Piogge torrenziali, apparizioni di fantasmi, invasioni di granchi, grandi liti coi discografici sono gli elementi che hanno concorso a creare quarant’anni fa un album leggendario, il secondo più venduto della storia del rock

10 cose che forse non sapete di ‘Back in Black’ degli AC/DC

Brian Johnson e Malcolm Young nel 1990 durante un concerto degli AC/DC

Foto: IPA

È uno dei dischi più venduti della storia – secondo solo a Thriller di Michael Jackson – e usciva 40 anni fa: per la precisione venerdì 25 luglio 1980. Back in Black, che vedeva gli AC/DC rimettersi in piedi – a velocità miracolosa, peraltro – dopo la morte improvvisa del carismatico frontman Bon Scott, è divenuto un disco-icona ed è considerato uno degli album più importanti nella storia del rock duro. Anzi, per molti è proprio il disco che ha aiutato il genere a risollevarsi, agli albori degli anni ’80, fino a crescere e diventarne grande protagonista. Ecco una decina di curiosità e aneddoti su Back in Black e sui brani che lo compongono.

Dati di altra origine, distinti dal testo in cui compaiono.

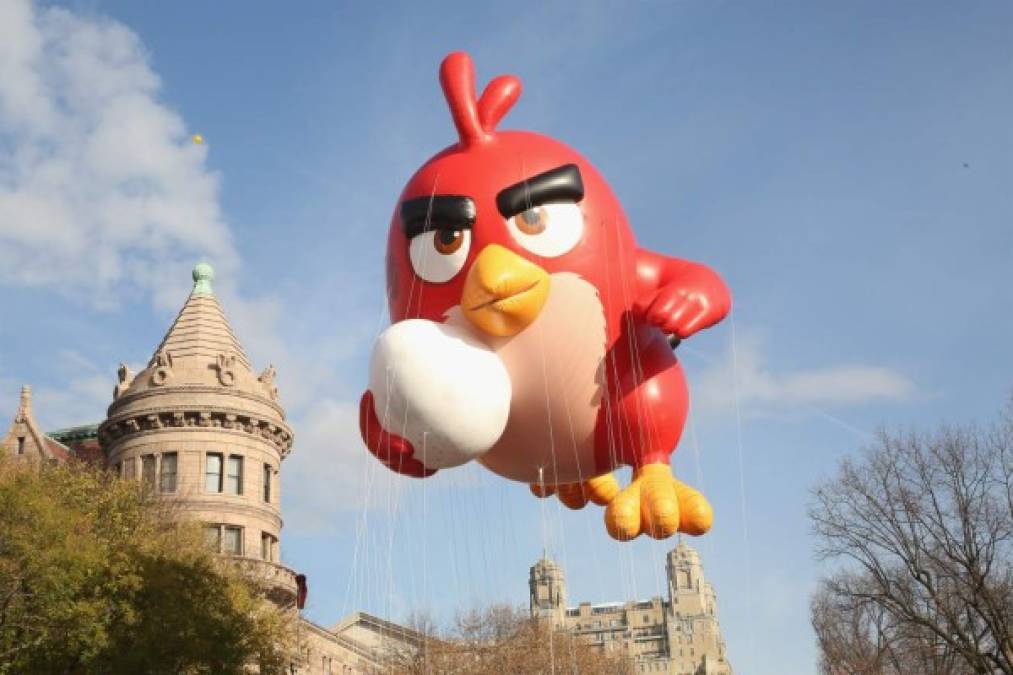 Miles de personas en las calles de Nueva York y millones a través de la televisión disfrutaron del desfile de Acción de Gracias y sus globos gigantes entre fuertes medidas de seguridad, pero sin sobresaltos.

1Brian Johnson non voleva che qualcuno lo sentisse cantare
Brian Johnson debuttava nel ruolo di cantante degli AC/DC, con la pesantissima eredità di Bon Scott da raccogliere. Per incidere la sua voce, chiese che in studio non ci fosse quasi nessuno, Tony Platt, che faceva da assistente al producer Mutt Lange, ha raccontato alla testata Sound On Sound: «Piazzammo dei pannelli intorno a Brian: non gli piaceva l’idea che qualcuno lo vedesse mentre cantava. Chiese anche che l’aria condizionata non fosse troppo fredda […] e una volta entrato nel suo cubicolo ci restava fino alla fine dei lavori, perché venire nella stanza del mixer avrebbe significato un cambiamento troppo brusco di temperatura e umidità: uno shock termico, una cosa pessima per la sua voce, che invece doveva restare ben calda».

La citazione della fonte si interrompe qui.